Ceza hukukunda gerçeği her türlü delil ile ispat edilebilme kuralının esas olduğunu düşünüyürdum. ancak bir de şöyle bir kuraldan bahsediyorlar : "aynı hukuk düzeninde aynı olay ile ilgili olarak birbiriyle çelişen iki ispat kuralı olmaz" Bu durumda ceza mahkemesi "iş hukuki ihtilafa ilişkindir, tanıkla ispat olmaz, yazılı delil gerekir" diyebiliyormuş. Yani şikayet ve ceza davasından fazla bir şey beklememek gerektiğini düşünüyorum. Ancak Bonolarda TTK md. 690 atfı sebebiyle uygulanacak olan açık poliçe hükümleri açısından şöyle bir durum oluşabilir:
Açığa imzadan söz edebilmek için ortada bir bononun bulunması ve bu bononun bazı eksikliklerinin sonradan doldurulması gerekir.

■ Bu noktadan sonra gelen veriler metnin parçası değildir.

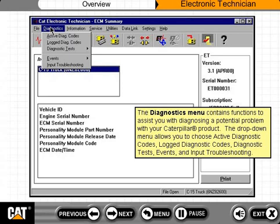The diagnostics menu contains functions to assist you with diagnosing a potential problem with your Caterpillar product. The drop-down menu allows you to choose active diagnostic codes, log diagnostic codes, diagnostic tests, events, and input troubleshooting.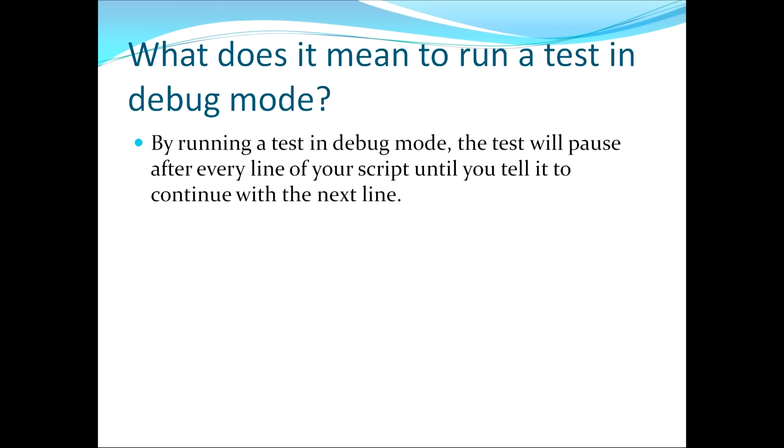This is different than running in normal mode, for example, where when you're running your test in that mode, the script will continue to move line after line on its own without you having to tell QTP to move down to the next line over and over again.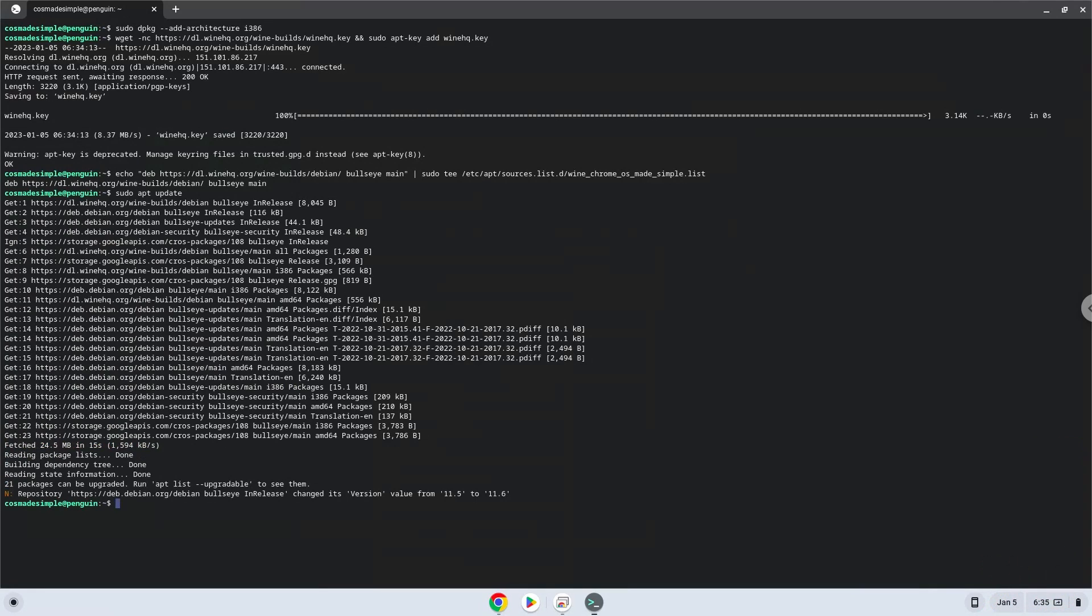Now we will install wine. Wine is an application layer that allows us to install some Windows applications on a Chromebook.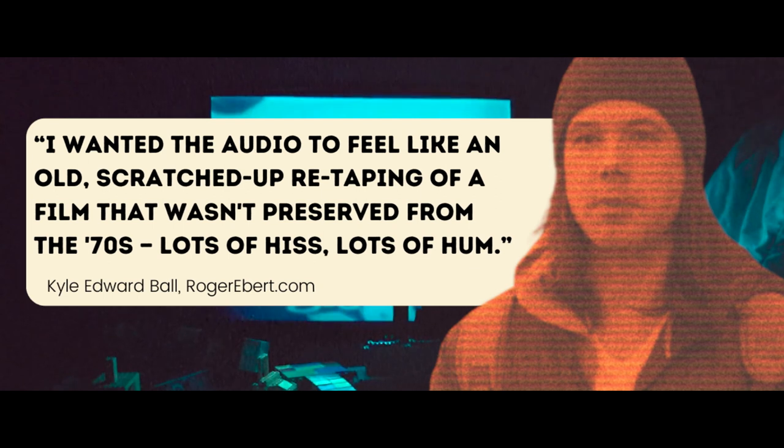Lots of hiss. Lots of hum. That may have been directed primarily towards authenticity, but the result is a soundscape that's far more uncanny and unsettling than a pristine recording. It's a subtle effect, but like I said, that's what good sound design is all about.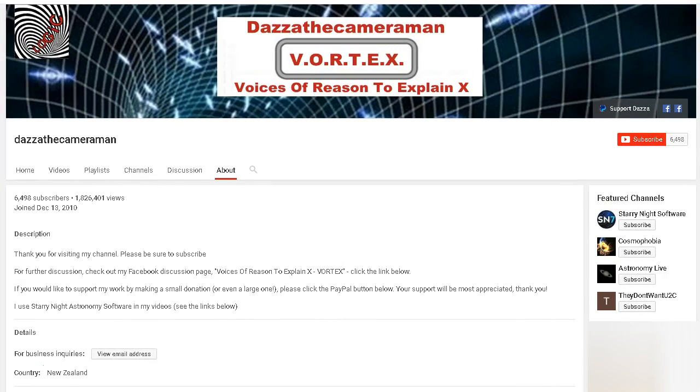Thank you for visiting my channel. Please be sure to subscribe. For further discussion please check out my Facebook discussion page, Voices of Reason to Explain X, or Vortex. You'll find a link in the description area. Thank you for watching.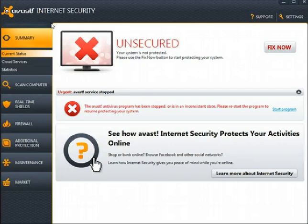If your license to the paid version of Avast has expired and you can't afford to renew, there's a very easy way for you to revert your paid version of Avast to the free version. Let me show you just how easy that can be.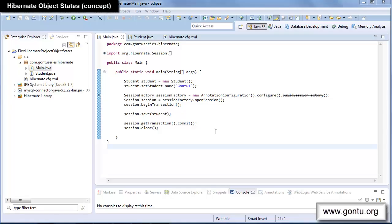My name is Ankush Gaurav and I welcome you to the Gon To series. In the earlier tutorial I talked about some of the basic database operations that we can perform using Hibernate-provided functions like save, get, update, and delete. Now in this tutorial I'm going to talk about one of the most important concepts supported by the Hibernate framework — the concept of transient, persistent, and detached states of a Hibernate object.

Eğer başta keşideci tarafından bono vasfını kazanacak kadar unsuru yazılmamış ise eldeki belgeyi bir bono saymamak gerekir. Bono sayılmayan belgenin de açık poliçe hükümlerine göre doldurulması söz konusu olmayacaktır. Bahsettiğiniz senette keşide yeri bulunmamaktadır. Senet olarak işlem yapılmak isteniyorsa bu kısım doldurulacaktır; ki bu durumda evrakta sahtecilik sebebiyle suç duyursunda bulunabilirsiniz (zira lehdar kanunen doldurma selahiyeti bulunmayan ifadeler yazarak lehine evrak düzenlemiş olacaktır). Ya da keşide yerini yazmadan ilamsız takip yapılacaktır. Bu durumda da itirazın kaldırılması veya iptali davasında ispat yükü karşı tarafta olacaktır. keşide yeri doldurulmadan kambiyo takibi yapılırsa da şikayet yoluyla takibin iptali mümkün olacaktır.